A group of researchers recently identified a real-time way to detect credential spearphishing attacks in enterprise settings. The discovery net the researchers $100,000 last week from Facebook, which awards money as part of its annual Internet Defense Prize partnership with USENIX Association.
The researchers—Grant Ho, University of California, Berkeley; Aashish Sharma, Lawrence Berkeley National Laboratory; Mobin Javed, University of California, Berkeley; Vern Paxson, University of California, Berkeley and International Computer Science Institute; and David Wagner, University of California, Berkeley—presented a paper, “Detecting Credential Spearphishing Attacks in Enterprise Settings,” (.PDF) last week at the 26th USENIX Security Symposium, in Vancouver, British Columbia.
At the crux of the researchers’ detection method is something they call an anomaly scoring technique for ranking alerts.
The technique, Directed Anomaly Scoring (DAS), operates in a non-parametric fashion, cherrypicking what Ho and company call the most suspicious events from an unlabeled dataset. The technique ranks events by how dubious they appear.
“Once all events have been ranked, DAS simply selects the N most suspicious (highest-ranked) events, where N is the security team’s alert budget,” the researchers write in the paper.
The researchers claim a standard detection method would take nine times as many alerts as theirs to detect the same number of attacks, and that in an experiment they carried out, it detected all but two attacks and even fingered out two previously unknown phishing attack vectors.

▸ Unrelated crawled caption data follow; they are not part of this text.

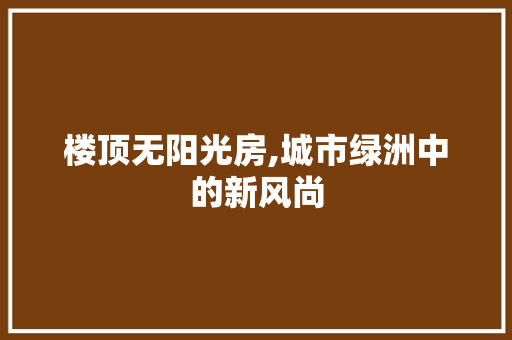 楼顶无阳光房,城市绿洲中的新风尚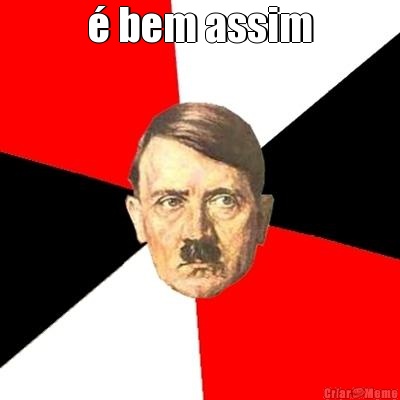 � bem assim 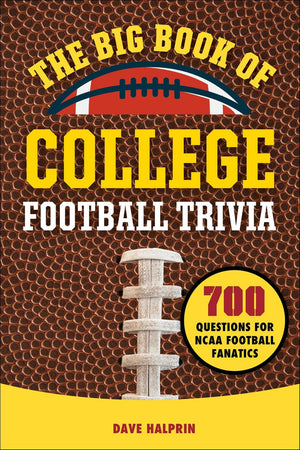The big book of college football trivia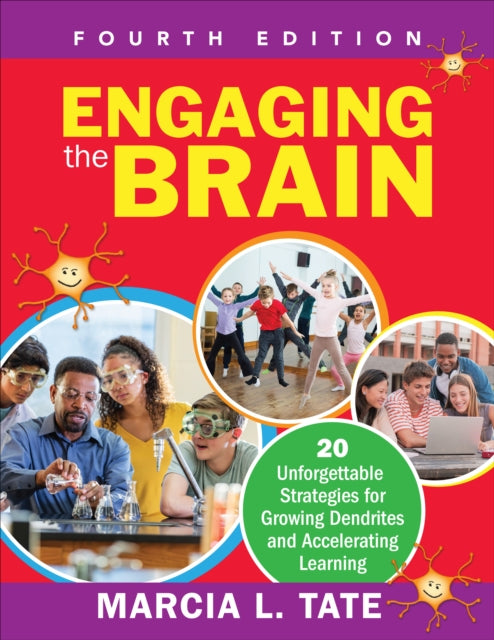 Engaging the Brain: 20 Unforgettable Strategies for Growing Dendrites and Accelerating Learning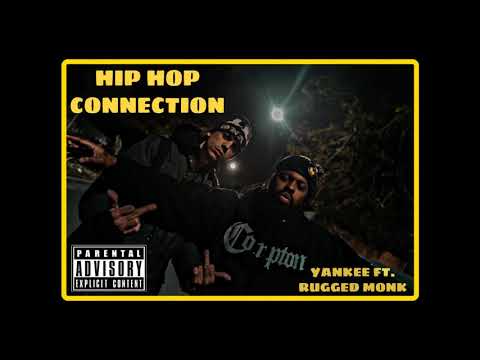 Yankee Ft. Rugged Monk - Hip Hop Connection (Prod. by Estudio Moscu)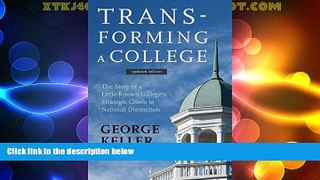 Big Deals  Transforming a College: The Story of a Little-Known College s Strategic Climb to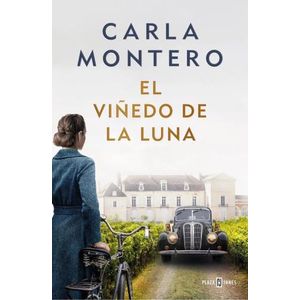 EL VIÑEDO DE LA LUNA - CARLA MONTERO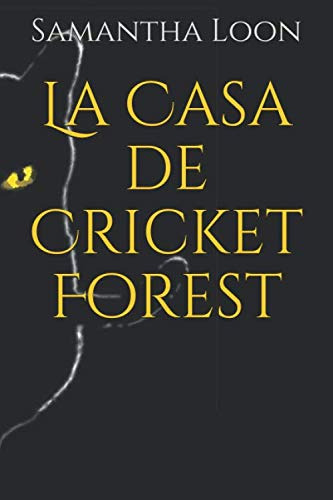 La Casa De Cricket Forest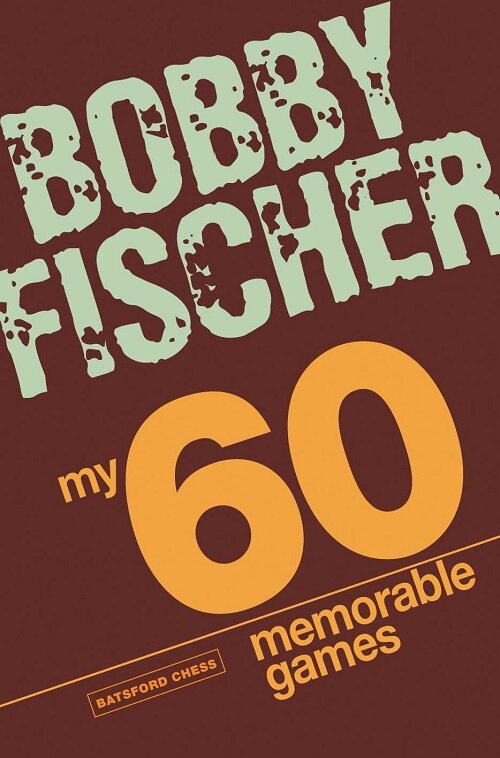 My 60 Memorable Games : chess tactics, chess strategies with Bobby Fischer (Paperback)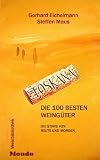 Toskana, Die 100 besten Weing&uuml;ter - Gerhard Eichelmann, Steffen Maus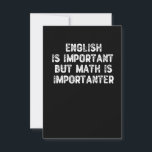 English Is Important But Math Is Importanter -Math Thank You Card<br><div class="desc">grab this funny mathematics saying for yourself or make it as a gift for a math teacher or a student who's his/her favourite school subject is math. will be a great present for someone that has a sense of humour.</div>
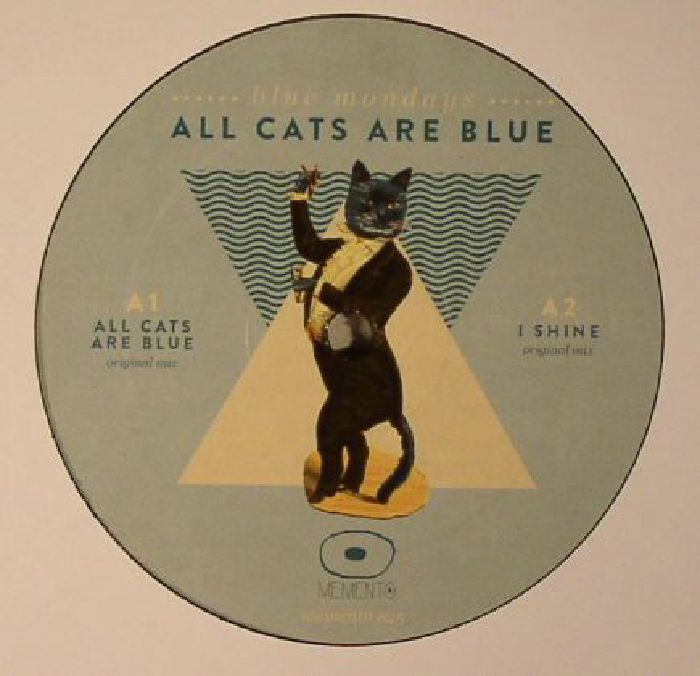 BLUE MONDAYS - All Cats Are Blue
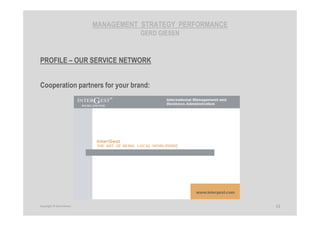 MANAGEMENT STRATEGY PERFORMANCE
GERD GIESEN
PROFILE – OUR SERVICE NETWORK
Cooperation partners for your brand:
13Copyright © Gerd Giesen
 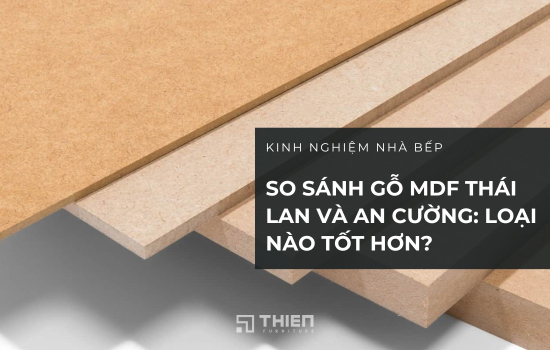So Sánh Gỗ MDF Thái Lan Và An Cường: Loại Nào Tốt Hơn?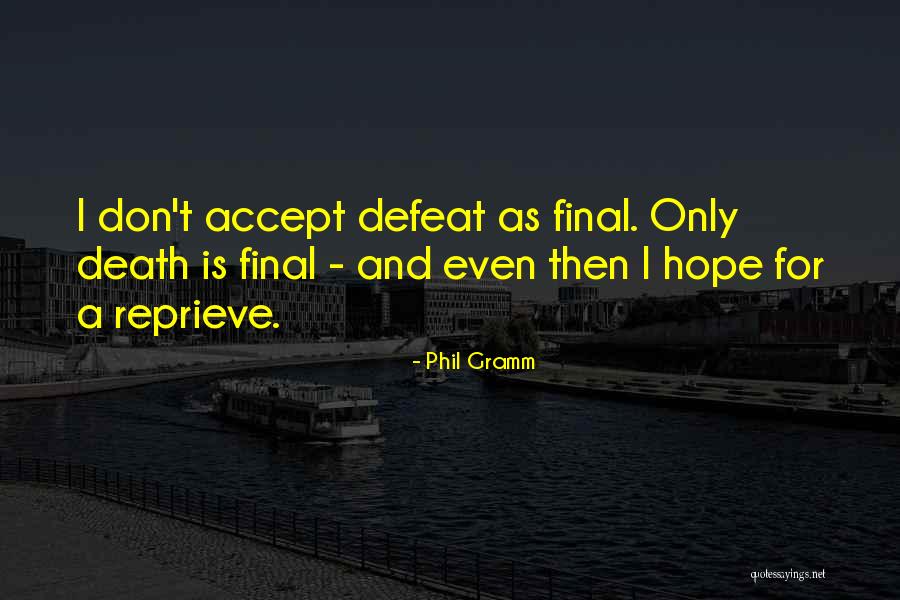 Phil Gramm Quotes 560648 Phil Gramm Quotes 560648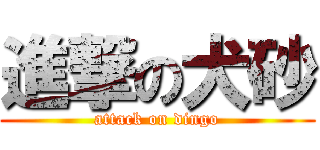 進撃の犬砂 (attack on dingo)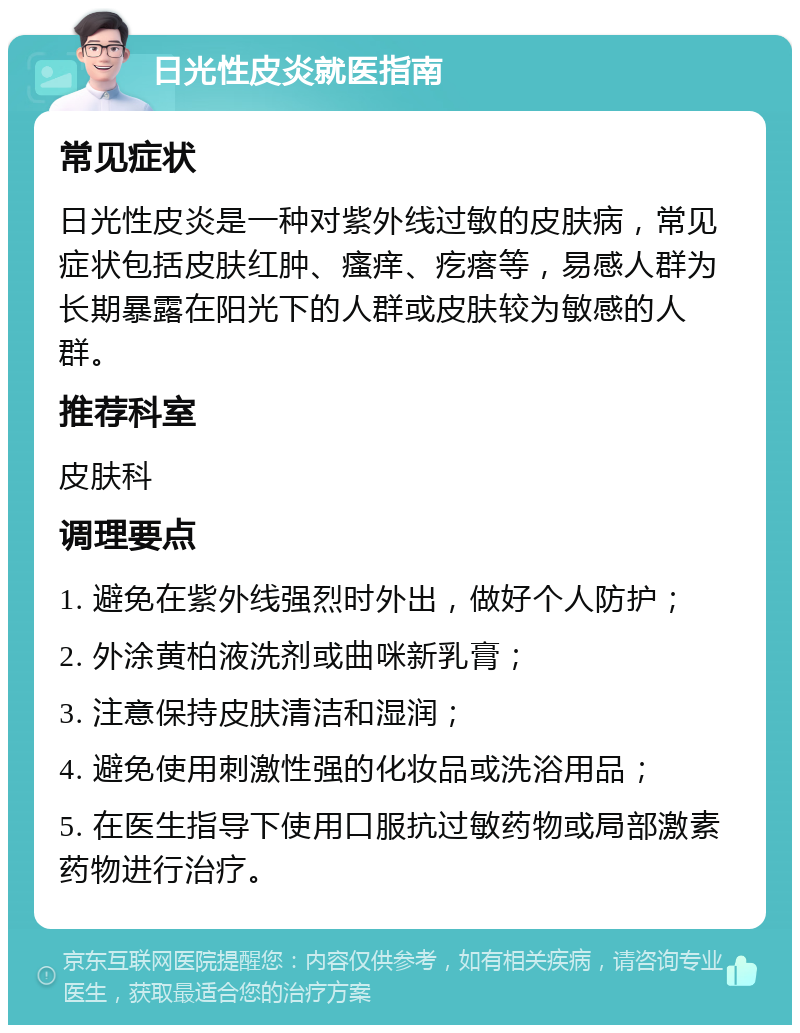 日光性皮炎就医指南 常见症状 日光性皮炎是一种对紫外线过敏的皮肤病，常见症状包括皮肤红肿、瘙痒、疙瘩等，易感人群为长期暴露在阳光下的人群或皮肤较为敏感的人群。 推荐科室 皮肤科 调理要点 1. 避免在紫外线强烈时外出，做好个人防护； 2. 外涂黄柏液洗剂或曲咪新乳膏； 3. 注意保持皮肤清洁和湿润； 4. 避免使用刺激性强的化妆品或洗浴用品； 5. 在医生指导下使用口服抗过敏药物或局部激素药物进行治疗。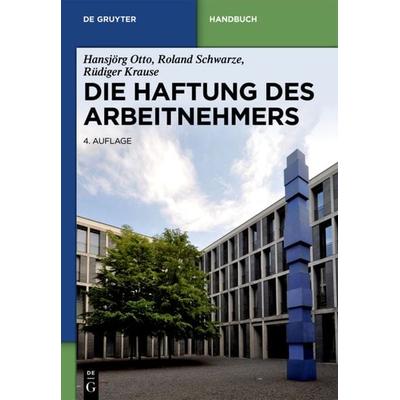 Die Haftung des Arbeitnehmers, Gebundene Ausgabe von Hansjörg Otto,Roland Schwarze,Rüdiger Krause, De Gruyter, 978-3-11-027046-4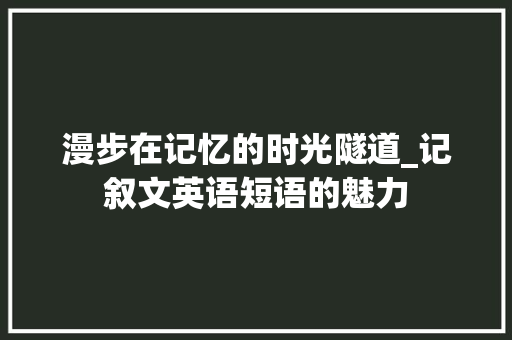 漫步在记忆的时光隧道_记叙文英语短语的魅力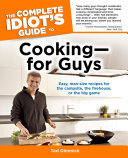 The Complete Idiot's Guide to Cooking—for Guys: Easy, Man-Size Recipes for the Campsite, the Firehouse, or the Big Game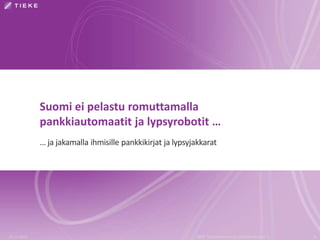 Suomi ei pelastu romuttamalla 
pankkiautomaatit ja lypsyrobotit … 
… ja jakamalla ihmisille pankkikirjat ja lypsyjakkarat 
19.11.2014 TIEKE Tietoyhteiskunnan kehittämiskeskus ry 30 
 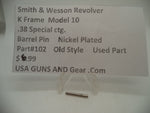 102 Smith & Wesson K Frame Model 10 Used Barrel Pin Nickel .38 Special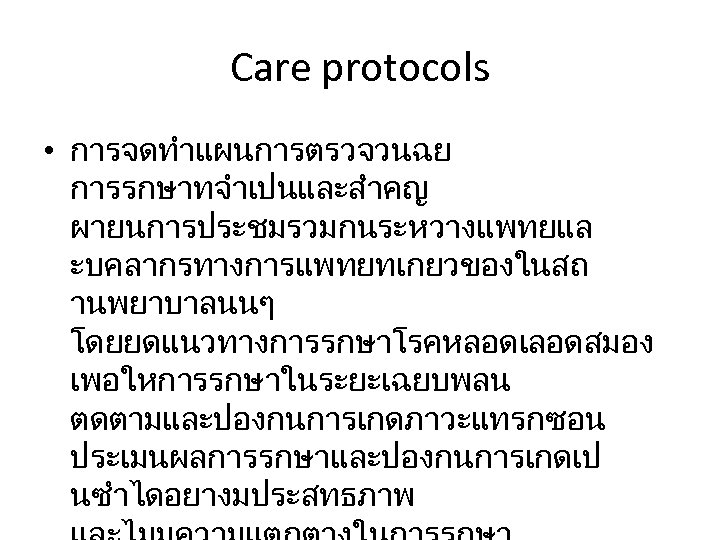 Care protocols • การจดทำแผนการตรวจวนฉย การรกษาทจำเปนและสำคญ ผายนการประชมรวมกนระหวางแพทยแล ะบคลากรทางการแพทยทเกยวของในสถ านพยาบาลนนๆ โดยยดแนวทางการรกษาโรคหลอดเลอดสมอง เพอใหการรกษาในระยะเฉยบพลน ตดตามและปองกนการเกดภาวะแทรกซอน ประเมนผลการรกษาและปองกนการเกดเป นซำไดอยางมประสทธภาพ 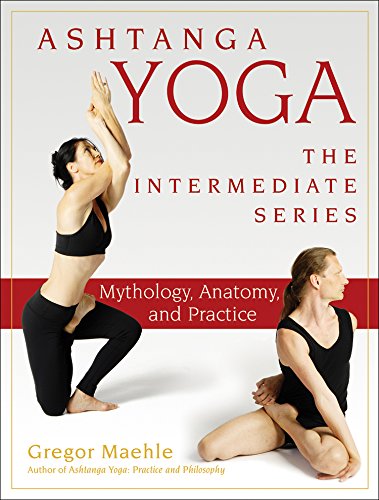 Ashtanga Yoga - The Intermediate Series: Mythology, Anatomy, and Practice (Ashtanga Yoga Intermediate Series Book 1)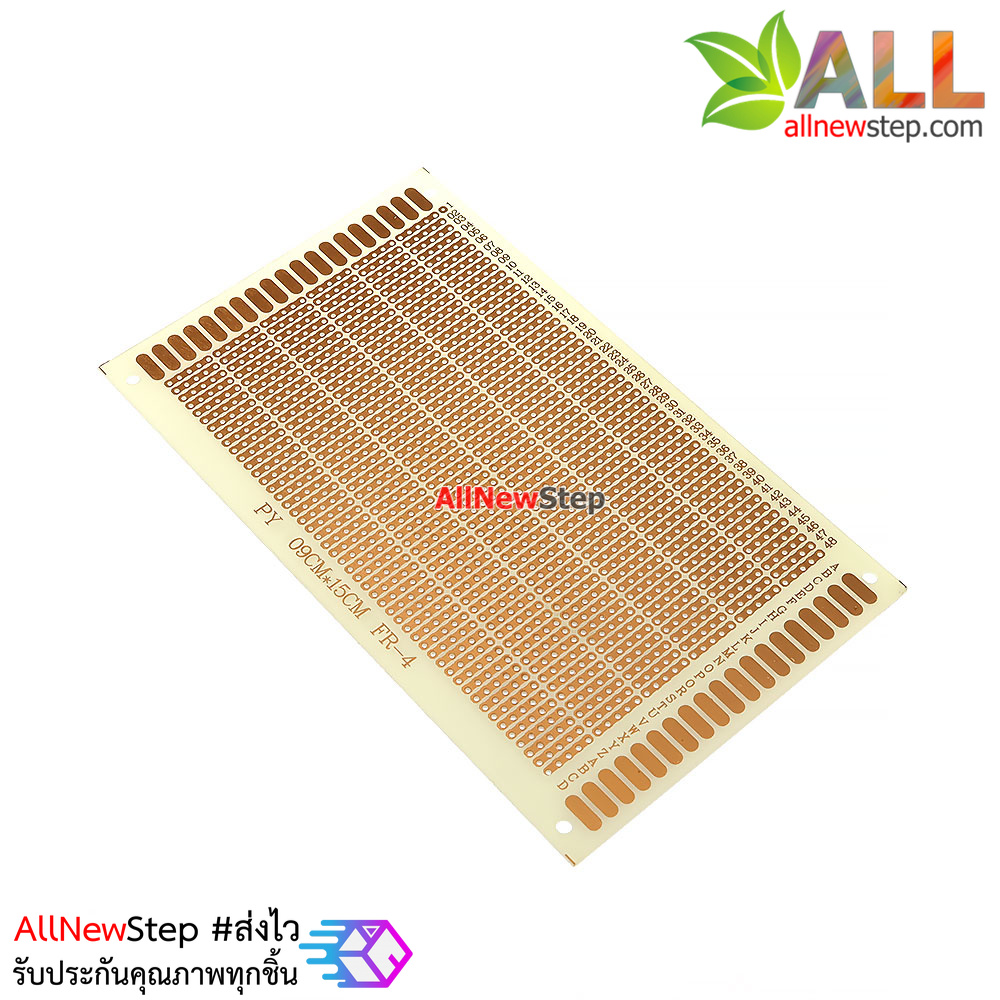 แผ่นปริ้นอเนกประสงค์ Prototype PCB Board 9x15cm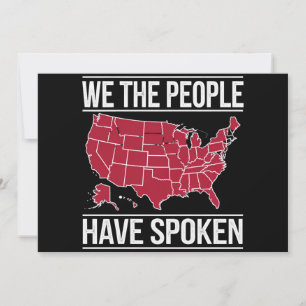 We the People Have Spoken Map of 2024 Election Invitation
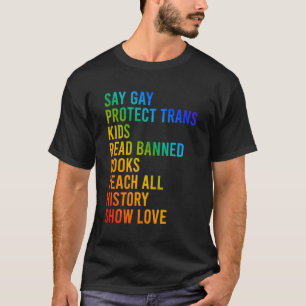 Sag Gay Lies Verbotenes Buch Lehr Alle Geschichte T-Shirt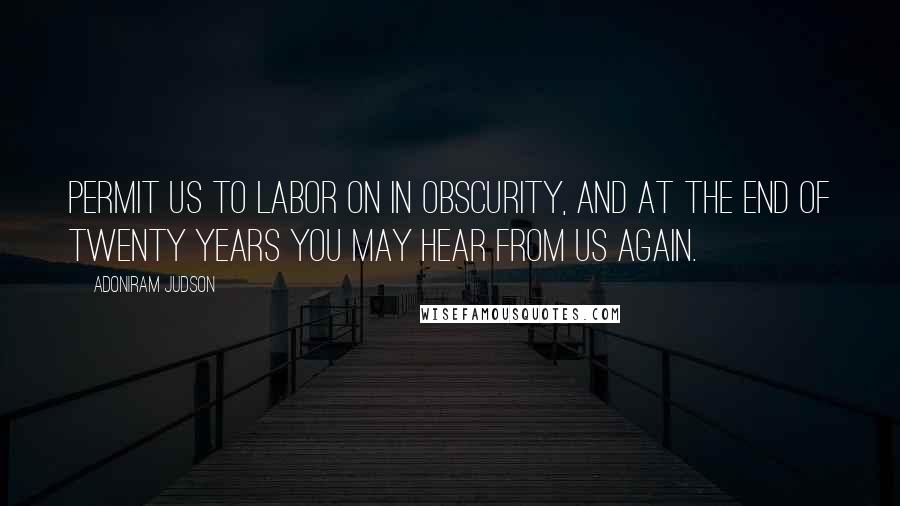 Adoniram Judson Quotes: Permit us to labor on in obscurity, and at the end of twenty years you may hear from us again.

The researchers took an anonymized dataset containing 370 million emails from UC Berkeley’s Lawrence Berkeley National Laboratory (LBNL) to test the scoring algorithm. The facility, a Department of Energy (DOE) Office of Science lab managed by University of California, didn’t receive any malicious attachments during the four-year experiment but did receive a number of credential spearphishing attempts.
Credential spearphishing attacks are far less expensive and easier to pull off than attachment-driven exploits. The attacks usually rely on a tricking a user into clicking through a deceptive email to an attacker’s site and entering credentials.
The technique detected six known spearphishing attacks that succeeded and nine that failed. What makes the detector truly remarkable is its false positive rate, 0.004 percent. The number of incoming emails to an enterprise can obviously fluctuate; the researchers say the median number of emails received per day is 263,086. At that false positive rate however the detector can generate 10 or fewer alerts per day 80 percent of the time, Ho and company claim.
The technique is quick too; the researchers say an analyst could investigate a month’s worth of alerts in just 15 minutes. That breaks down to under a minute a day spent by an analyst going over one day’s alerts.
“Ultimately, our detector’s ability to identify both known and novel attacks, and the low volume and burden of alerts it imposes, suggests that our approach provides a practical path towards detecting credential spearphishing attacks,” the researchers wrote.
LBNL was so impressed with the detector it decided to implement and deploy the tool fulltime.
Facebook, which believes the technique could help better protect people from getting hit by social engineering attacks, saw merit in the research as well.
Nektarios Leontiadis, a research scientist with the social network, said late last week the fact the research could help reduce information leaks in the future. Key to winning the prize money was the researchers’ breakdown the method’s false positives.
“The authors acknowledge and account for the cost of false positives in their detection methodology. This is significant because it factors into the overhead cost and response time for incident response teams,” Leontiadis said Thursday.
Facebook, for four years running, has awarded the Internet Defense Prize to researchers for defensive work that prevents vulnerabilities and mitigates attacks.
In 2014 it awarded researchers who came up with a static analysis tool to identify second-order vulnerabilities. In 2015 researchers who identified a series of C++ security issues won the prize. Last year Facebook awarded $100,000 to researchers who came up with a new way to bolster post-quantum security for TLS. The research, which ultimately made its way into Chrome and Tor, was based on bridging the gap between a key exchange protocol (Ring-LWE) and OpenSSL.